So, what exactly does a content writer do?
If you ask the average man or woman on the street, they’d probably reply that they aren’t sure.
This is not surprising because even amongst content writing professionals, there isn’t a universally agreed upon definitive answer. Ask five different content writers what they do and you’d probably get five different answers.
Some say content writing is any writing connected to a website. Others expand on that to include any kind of online or web writing, while still others widen the meaning further to incorporate print media.
Rather than examining the differences, it’s perhaps more instructive to look at what the vast majority agree on:
o It’s a creative process
This process is essentially the same as ‘traditional journalism’. You’re required to write on a certain subject and in almost every case, you’ll be dealing with a topic you aren’t familiar with. This means that research is necessary, to ensure that the information you present is both accurate and relevant.
Then you’re in a position to create a ‘story’, based on a combination of your perspective of the details you find and your writing expertise.
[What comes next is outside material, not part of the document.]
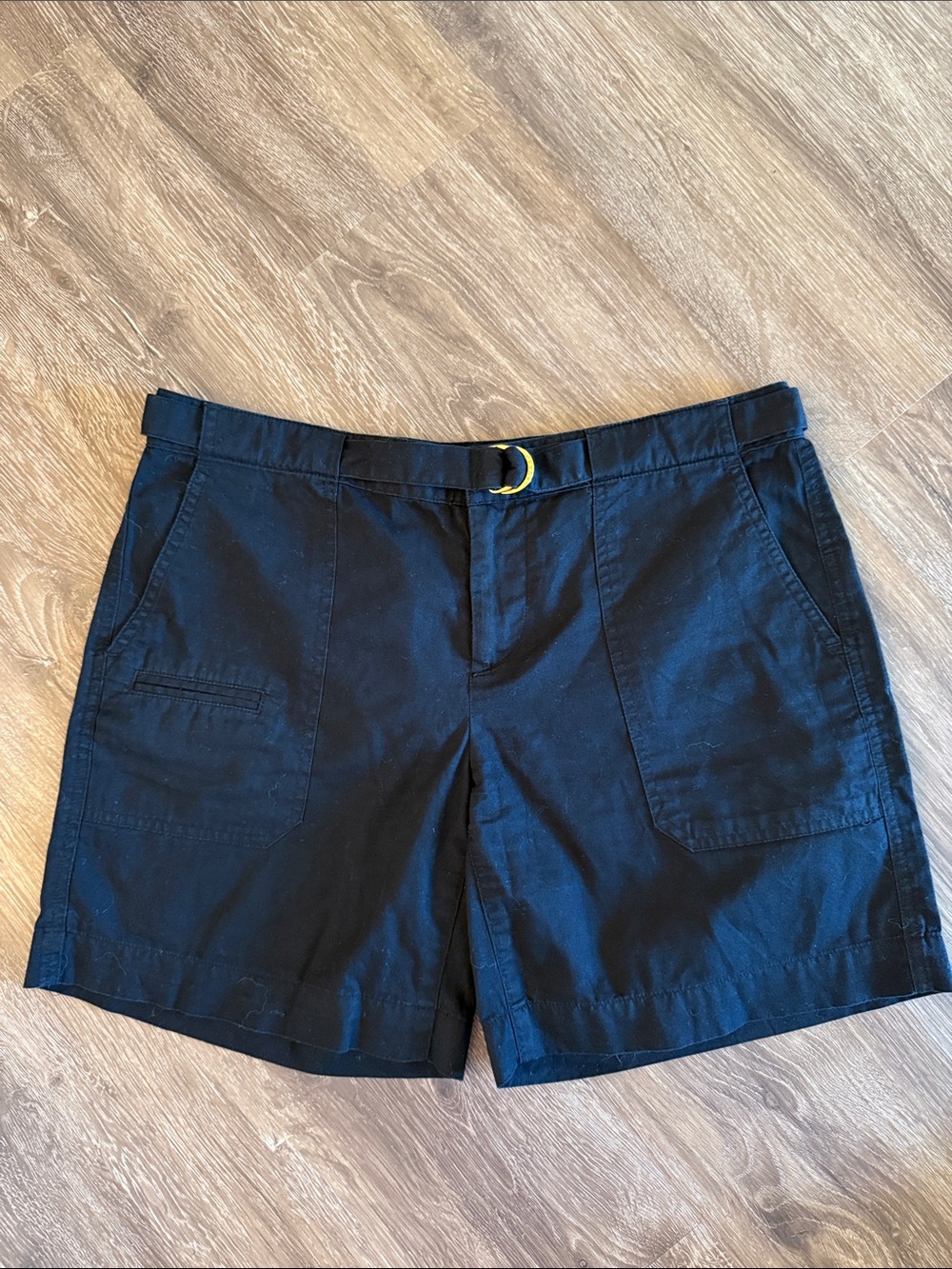 Women’s Lauren Ralph Lauren Black Cotton Shorts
o It has a technical aspect
A content writer can’t just write a great piece, and then feel like the job is done if they’re writing for the web. You need to include SEO keywords and phrases which makes it easier for consumers to find what you’ve written via a search engine.
The more optimised the piece is with keywords, the better your SER (search engine ranking) will be. Everyone’s looking to achieve the ‘Holy Grail’ of online writing – being on the first page of a Google search.
High quality and long-form writing are also rewarded by Google.
o The key focus is on providing information to a specific audience
Sometimes people ask, ‘What’s the main difference between content writers and copywriters?’ The most important difference is that copywriters generally write to a broader range of potential consumers, whereas content writers aim to speak directly to a much more specific audience.
For a content writer, once you know which audience you’re speaking to, you need to write in a tone and style that’s suitable for that audience.
A content writer writing for England’s first in line to the throne Prince Charles should write with a very different tone and style to a content writer writing for Meghan Markle, Prince Harry’s wife – because their audiences would be vastly different.
o The main form of writing is ‘quality long-form’
The whole point of content marketing is to get potential clients to come to you. If your content is created skilfully, if it’s easy to find, and if it resonates with your intended audience, they’ll come.
Quality long-form content is ideal for two reasons. One is that it’s very Google-friendly. The other is that many people are sick and tired of being ‘advertised at’.
They’d rather be in control of the information they receive. And what kind of information is the modern savvy consumer looking for? Content they can trust (high quality) and with enough information provided (long-form) to make an informed decision.